1 ... scintillator, 2 ... isolation wall, 2a, 2a '... isolation plate, 3
… Silicon photodiode array, 3a… Si photodiode n-type semiconductor N ⁺ layer, 3a ′… Si photodiode local n-type semiconductor region, 3b… Si photodiode intrinsic semiconductor (i-type semiconductor) N ⁻ layer, 3c… Si Photodiode p-type semiconductor
P ⁺ layer (light receiving area), 3c '… Si photodiode local p-type semiconductor region, 3d… Si photodiode anode electrode, 3
d '... Si photodiode signal extraction wiring, 3e ... Si photodiode anti-reflection film, 3f ... Si photodiode protective oxide film, 3g ... Si photodiode light-shielding film / light reflection film,
4 ... Adhesive (adhesive layer), 5 ... Incident X-ray, 6 ... Circuit board,
7 ... Top reflector, 10 ... X-ray detecting element, 35 ... Scanner rotating plate, 36 ... X-ray tube, 37 ... Detector container, 38 ... X-ray detector, 39 ... Collimator plate, 40 ... Amplifier, 41 ... Opening Parts, 42 ... Subject, 45 ... Scanner, 46 ... Operation console, 4
7 ... Image processing device, 49 ... X-ray beam collimator

Claims (5)

[Claims] 1. A scintillator that emits light by detecting incident radiation, a photodetector array having a light receiving region separated at least in the channel direction, and an isolation wall provided between the channels to separate the channels.

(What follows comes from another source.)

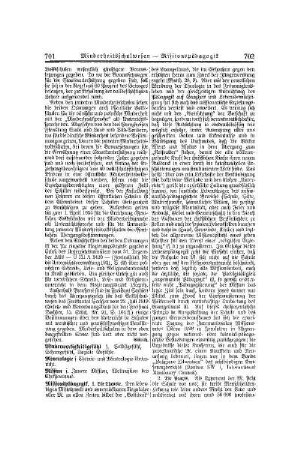 Mineralogie s. Chemie- und Mineralogie-Unterricht.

An X-ray detection element array including the above is mounted on a substrate, and a plurality of X-ray detection element arrays mounted on this substrate are arrayed in a polygon on a substantially circular arc centered on the focal point of the X-ray tube in the channel direction at a substantially equal angular pitch. In the X-ray detector, the separation band that separates the channels between the respective light receiving portions for each channel of the photodetector array, the channels of the scintillator corresponding to the range of the separation band, and A groove reaching to the inside of an adhesive layer for adhering the photodetector and the scintillator is provided, and the bottom of the groove is the photodetector in the adhesive layer. An X-ray detector existing at a position close to the surface and configured to reach the position where the partition wall reaches the bottom of the groove in the groove. 2. The X according to claim 1, wherein a distance between the bottom of the groove and a surface of the dead zone of the photodetector is equal to or narrower than the groove width of the groove. Line detector. 3. The adhesive for adhering the photodetection element and the scintillator is bisphenol A type epoxy resin,
Bisphenol F type epoxy resin, Bisphenol AD
Epoxy resin of any type epoxy resin or a mixture thereof, and an amine-based or polyamide-based curing agent are mixed, and the refractive index of the adhesive is the The X-ray detector according to claim 1 or 2, wherein the antireflection film provided on the surface of the portion and the refractive index of the scintillator are slightly smaller. 4. A spacer made of a colorless and transparent substance having a refractive index in the range of 1.4 to 1.6 is provided in the adhesive layer to keep the thickness of the adhesive layer uniform. The X-ray detector according to claim 3, which is characterized in that. 5. An X-ray tube for irradiating a subject with an X-ray beam, and an X-ray detector that is arranged so as to face the X-ray tube and detects the X-rays that have passed through the subject and converts it into an electrical signal. A preamplifier for amplifying the output signal of the X-ray detector, an AD converter for converting an analog output signal from the preamplifier into a digital signal, and at least the X-ray tube and the X-ray tube.
A rotary disk that holds a line detector and is driven to rotate around the subject, a scan condition setting unit that sets scan conditions, and an X-ray image is reconstructed based on the output signal of the AD converter. An X-ray CT apparatus including an image processing means, wherein the X-ray detector according to any one of claims 1 to 4 is used as the X-ray detector.